Tangan kecil digenggam lembut, mereka berdua beranjak dari kedai menuju wahana bianglala. Ditengah perjalanan, Akashi membelikan Kuroko permen kapas—bocah biru terus memandangi stand permen kapas yang mereka lewati, Akashi jadi tidak tega.
"Terima kasih, Akashi-nii," ucapnya diiringi senyum senang. Melihat senyum si bocah, Akashi tak kuasa menahan senyumnya.
Mereka pun kembali berjalan menuju bianglala. Kuroko memakan permennya dengan tenang, bocah itu memang pendiam, tak banyak tingkah, tangannya digenggam erat oleh Akashi—takut Kuroko kembali hilang, dan mulai saat itu Akashi bersumpah tidak akan melepaskan gandengannya, Kuroko yang hilang itu merupakan mimpi buruk, menemukannya susahnya setengah mati berhubung bocah manis itu memiliki hawa keberadaan setipis benang.
"Antriannya panjang," gumam Akashi ketika melihat barisan manusia yang tengah antri untuk memasuki wahana bianglala. Tidak heran, wahana ini biasanya mejadi primadona ketika sudah beranjak sore begini. Suasanya lebih romantis—katanya.
"Kalau Akashi-nii capek lebih baik kita pulang saja," ucap Kuroko.
Akashi menepuk kepala bocah itu. Meski bibir bocah itu mengatakan pulang, namun matanya berkilat kecewa, Akashi jadi tega, "Tak apa. Aku tidak capek."
Kuroko menganggukkan kepalanya, ia kembali sibuk dengan permen kapasnya. Sementara Akashi terdiam memainkan ponselnya. Samar-samar ia bisa mendengar orang-orang yang antri bersamanya berbisik mengenai mereka.
"Lihat, mereka akur sekali."
"Aku tidak pernah melihat kakak-adik pergi berdua ke taman bermain seperti ini. Kakaknya baik sekali."
"Adiknya manis sekali, kakaknya juga tampan. Mereka keluarga yang sempurna. Apa orang tua mereka artis?"
Dan berbagai bisikan lain yang mengatakan bahwa mereka berdua bersaudara.

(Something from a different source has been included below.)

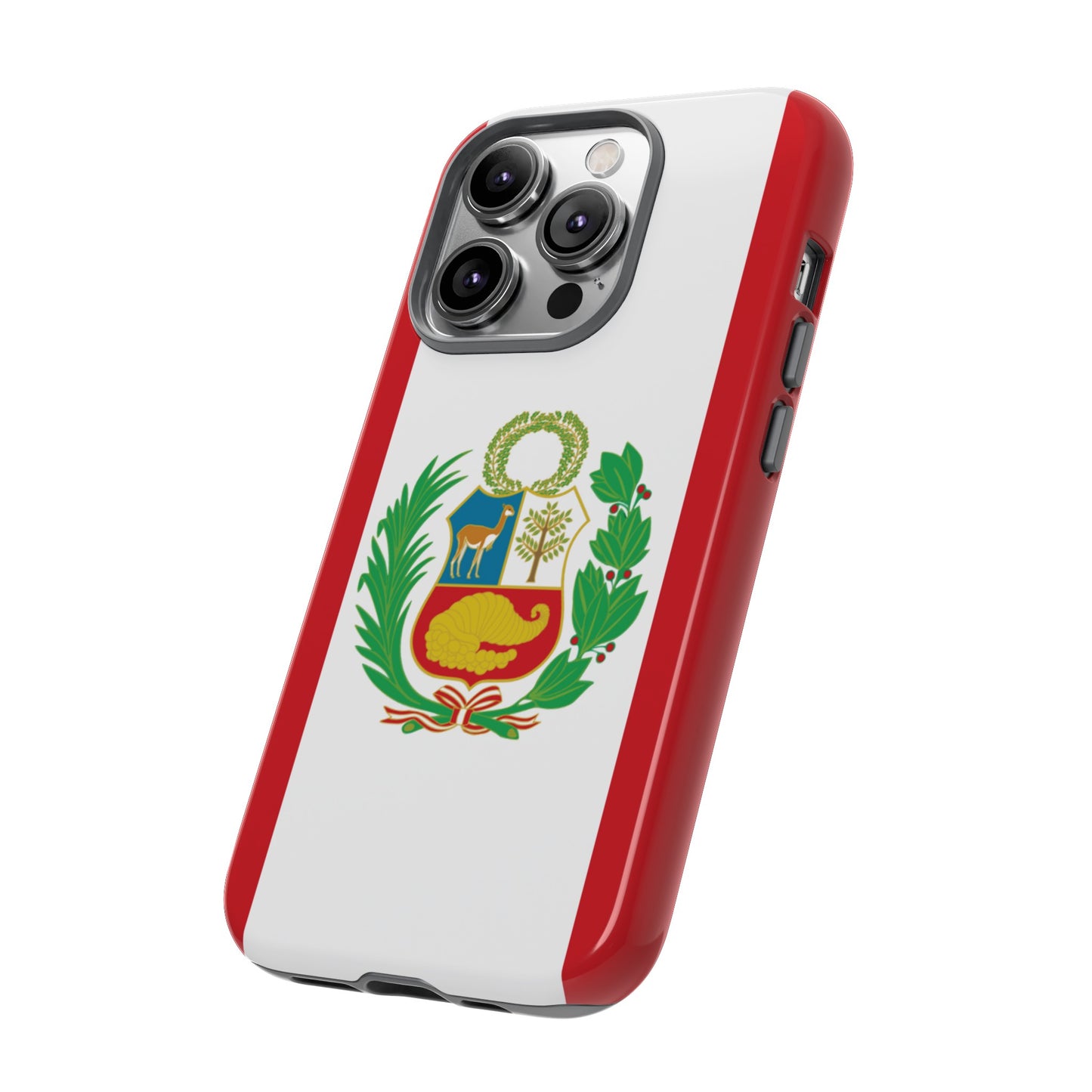 Peru Flag Phone Case | iPhone 15 Plus/ Pro, 14, 13, 12| Google Pixel 7, Pro, 5| Samsung Galaxy S23 All Major Phone Models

Akashi hanya bisa menghela napas.
Nasib.
.-.-.
Aomine Daiki yang saat itu tengah melancarkan aksi pendekatan dengan sang pujaan hati, Kise Ryouta kini melongo menatap ponselnya. baru saja ia menerima panggilan dari Kuroko Tetsumi—bibinya sekaligus ibu dari keponakannya yang paling manis, Kuroko Tetsuya.
Ia masih mengingat betul perkataan bibinya.
"Daiki, bibi titip Tecchan untuk dua hari kedepan ya? paman dan bibi ada urusan pribadi."
Aomine paham betul urusan pribadi yang dimaksud oleh bibinya—bulan madu. Yah, Aomine tidak sengaja mendengar diskusi pasangan Kuroko itu ketika ia tengah main kesana.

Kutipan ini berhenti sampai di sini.